The Real Estate Board of New York released a report about Rent Regulated Units in Landmark Districts. The report opens,
This analysis was conducted to examine the frequent assertion that landmarking helps preserve existing affordable housing. It is based on data that recently became publicly available that provides a snapshot of the number of rent-stabilized units in 2007 and again in 2014.
Contrary to statements made by advocates, affordable housing is not preserved at higher levels in NYC’s historic districts. The data shows that properties located within New York City’s historic districts showed a greater net loss of rent regulated apartments than those located in non-landmarked parts of the City.
An analysis of the data found that, from 2007 to 2014, the decline in the number of rent regulated apartments located within New York City’s landmarked properties was four times higher than in non-landmarked parts of the City.
Citywide, landmarked properties showed a much greater decrease in the number of rent stabilized units (-22.5%) than non-landmarked properties (-5.1%). At the end of this seven year period, there was a net loss of nearly 10,000 rent-stabilized units in landmarked districts in the City.

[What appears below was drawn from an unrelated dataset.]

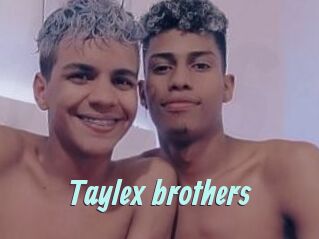 Taylex_brothers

The Manhattan and Brooklyn numbers are particularly startling. Manhattan landmarked properties lost 24.5% of their rent-stabilized units compared to a loss of 11.5% in nonlandmarked properties. And Brooklyn landmarked properties lost 27.1% of their rent-stabilized units compared to 3.4% in non-landmarked properties.
The historic districts that had the highest net loss of rent stabilized units were Greenwich Village (-1432 units) and the Upper West Side/Central Park West (-2730 units). Combined, these two historic districts showed a decrease of 30% in rent stabilized units during this seven-year period. (1, footnotes and references omitted)
This study has been criticized for conflating causation with correlation. I think the criticism is warranted. The relevant question appears to be whether landmarking causes an increase or decrease in the number of rent stabilized units. The REBNY study does nothing to demonstrate causation.
Intuitively, it would seem that residents of hot neighborhoods like Greenwich Village would both seek to keep out new, large developments (which landmarking would achieve) and see higher and higher rents over time (which would lead to a reduction in rent-regulated units through a variety of mechanisms). It is not obvious how landmarking itself would lead to a reduction in rent stabilized units.
It is a shame that the REBNY study is so flawed. It raises important questions, but just leaves us more confused than before. There are serious arguments that historic preservation reduces affordable housing overall. If REBNY wants to take a meaningful position in this debate, it should produce a serious study.